Nigeria and Cameroon are jointly negotiating with cocoa buyers for a better premium, on the lines of the decision of top growers Ivory Coast and Ghana to get enhanced prices for their cocoa crop. Nigeria is the world’s fourth-largest cocoa producer and Cameron’s cocoa production is substantial contributing smartly to the exchequer and farmers’ income. But the buyers lobby, mostly American and European chocolate makers gang up to beat down the price. Now, countries in Africa have found that an understanding about the price among the major producers can beat the greedy buyers, who have all the tricks up in their sleeves, to keep the farmers at the receiving end. The major producers of Cocoa, West Africa and Latin America, are getting festooned to this approach of price fixation with consensus so that the buyers can have only little leeway to exploit the sellers.

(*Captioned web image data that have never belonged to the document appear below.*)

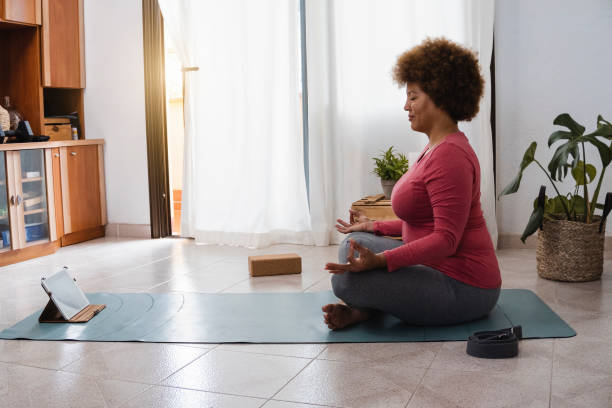 african senior woman doing yoga remote class meditation at home - sport and healthy lifestyle concept - focus on tablet - women yoga yoga class mature adult imagens e fotografias de stock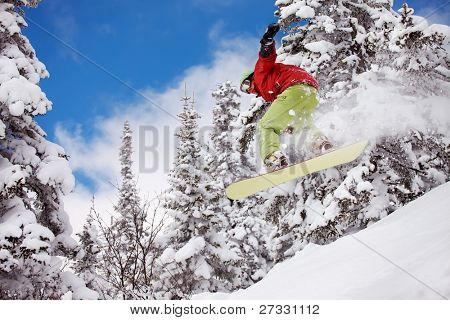 Snowboardista skoky vzduchem s tmavě modrou oblohou v pozadí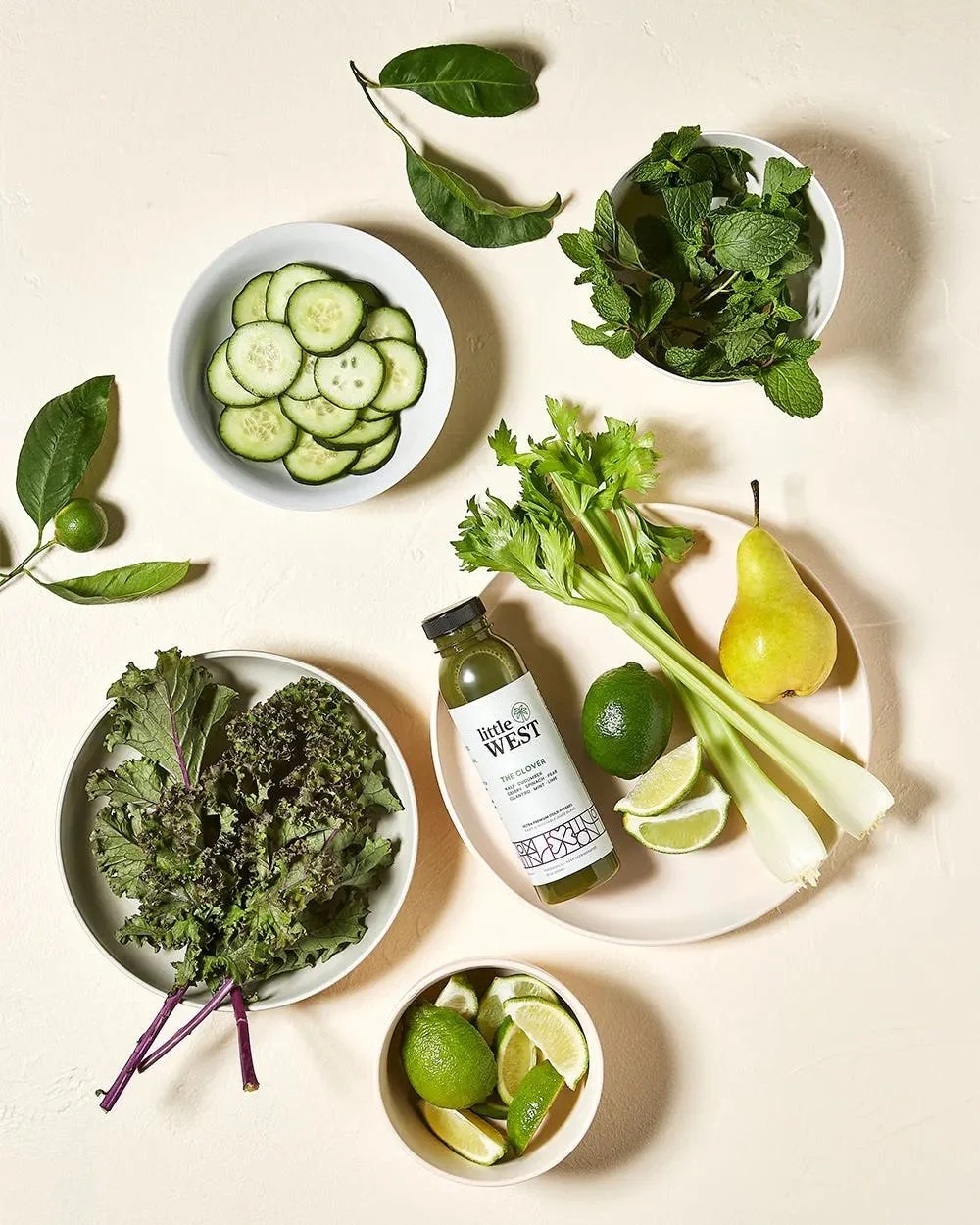 Cucumbers, mint, celery, lime wedges, lemon, green apple ingredients shot with a greendrink by Little West. Los Angeles beverage and food photography.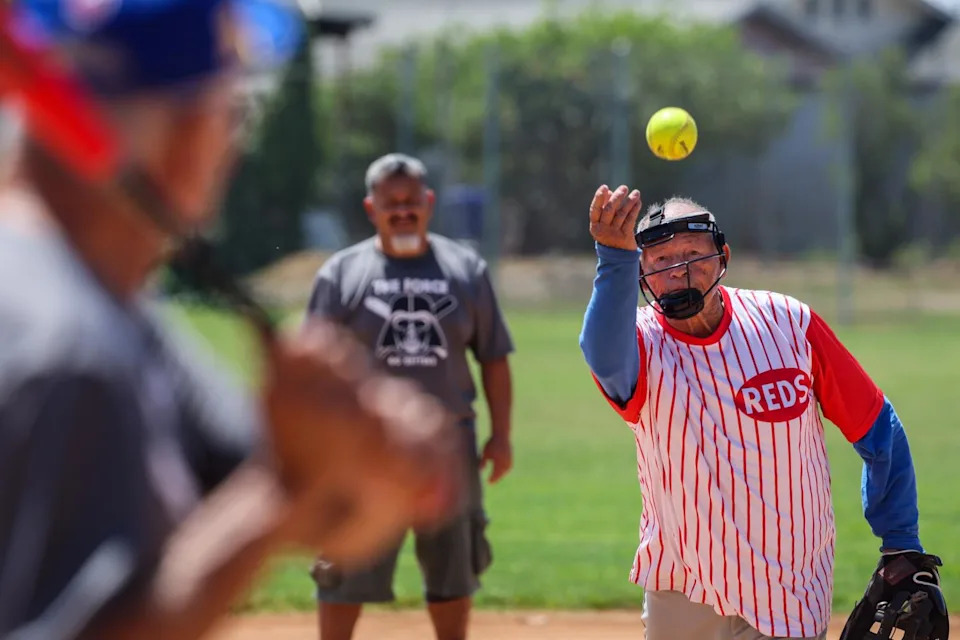 A pitcher tosses to a batter.
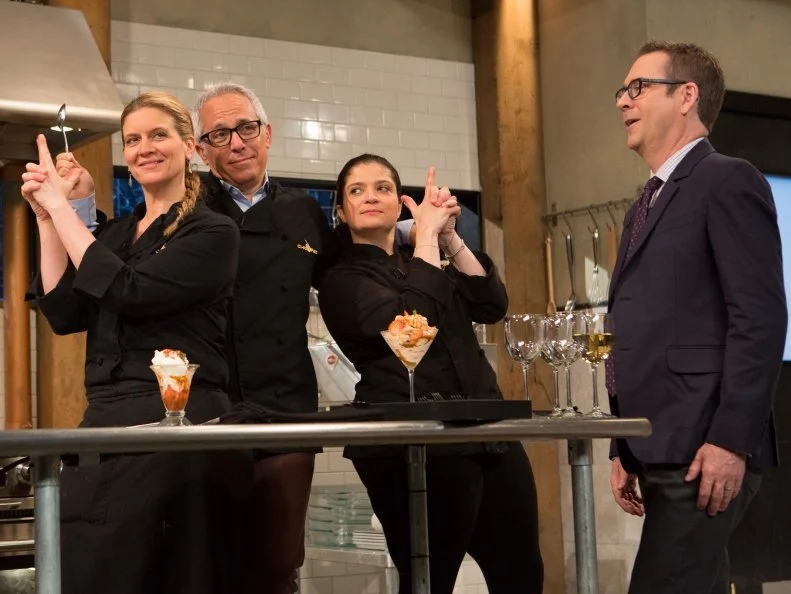Chopped after hours host Ted Allen and chefs Alex Guarnaschelli, Geoffrey Zakarian and Amanda Freitag taste and discuss their dishes that must have included April fools day ingredients that are not what they seem: grilled cheese sandwiches = pound cake and frosting, tomato soup = strawberry puree, milk = buttermilk, peas and carrots = jelly beans, as seen on Food Network's chopped After Hours, season 23. as seen on Food Network's Chopped After Hours, Season 23.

Recently, Ivory Coast and Ghana, who contribute nearly two thirds of global output, have introduced a fixed “living income differential” of US$400 a tonne on all cocoa contracts sold by either country for the 2020-21 season. The present arrangement between Nigeria and Cameroon may take the same route. Though being world’s leading cocoa producers, Nigeria and Cameroon exert limited influence over international prices. Ivory Coast and Ghana had effectively agreed a US$400 per tonne premium above global prices for their cocoa, and Nigeria and Cameroon wanted to follow suit to protect its farmers.
Nigerian cocoa production for 2019-20 could dip about 3-5% to around 305,000 tonnes due to excessive rainfall, as against an estimated 2018-19 output at 310,000 tonnes. The International Cocoa Organization (ICCO) puts the 2018-19 forecasts at 250,000 tonnes. The corresponding figures for Cameroon are not known.